SEOmoz has a great discussion on why at times search engines don’t return relevant results; that is, why some results perceived by users as being not relevant to their information needs (queries) are ranked high by search engines.

Some bloggers at SEOmoz attribute this in part to precision and recall issues. We have covered these topics in different occasions; so, let revisit some points along those lines.

First, there is a relevance perception mismatch between end-users and search systems that not necessarily is due to precision and recall issues. We have discussed the nature of this relevance divide in the June 2007 issues of IRW – The Newsletter. This post has a little preview.

Second, many things force a tradeoff between precision and recall. We have discussed precision vs recall before.

One source of the aforementioned tradeoff consists in expanding answer sets with an incorrect lookup list or thesaurus. We have discussed this also in the post Subsumption vs Synonyms. In that post we referred readers to the research work of William Woods, published a decade ago (1997): Conceptual Semantics: A better way to organize knowledge. I prefer to quote Woods’s work to clarify things and to show why one must pay attention to the nature and quality of the thesaurus used for expanding answer sets (emphasis added):

The reaction of many people who are familiar with information retrieval techniques, when confronted with the problems described above, is to propose the use of a synonym thesaurus to expand a request by adding terms that are synonyms of the terms requested.

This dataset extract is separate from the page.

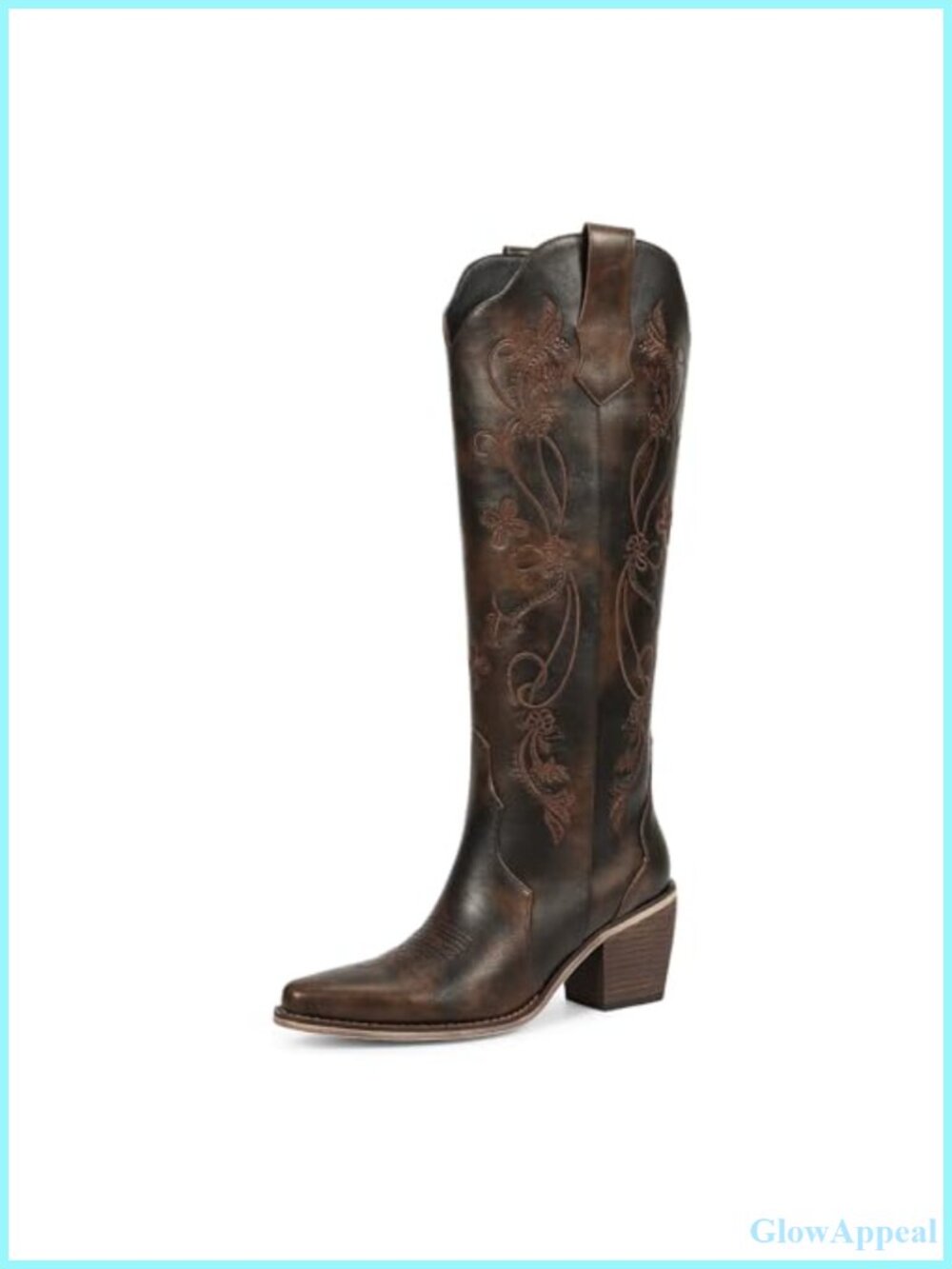 wetkiss Cowboy Boots Womens Knee High Faux Leather Western Boots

Such a thesaurus is sometimes used by full-text search and retrieval systems, most of which employ search algorithms that ignore word order and simply count the number of terms of the (perhaps expanded) query that occur in the target text. Some such systems allow for different weighting of different terms rather than simply counting them (in order to capture the fact that some terms of a request may be more important than others). Unfortunately, attempts to automatically expand queries using a synonym thesaurus often fail to improve the retrieval effectiveness of these systems and frequently actually degrade performance. Part of the reason is that there are very few true synonyms in English (or any other language for that matter), and members of the “synonym” sets in such thesauri often differ significantly in meaning. Typically there is a difference in generality, as in the set: {automobile, car, truck, bus, taxi, motor vehicle}, where the last is clearly much more general than any of the others, and in this case effectively summarizes the others.

Thus, which criteria are used to classify terms as synonyms or related terms do matter. Which type of thesarus is used to expand an answer set and classify terms as synonyms does matter as well. For instance, a similarity thesarus is not the same as a hierarchical or statistical thesaurus –a similarity thesaurus is not based on co-occurrence data at all.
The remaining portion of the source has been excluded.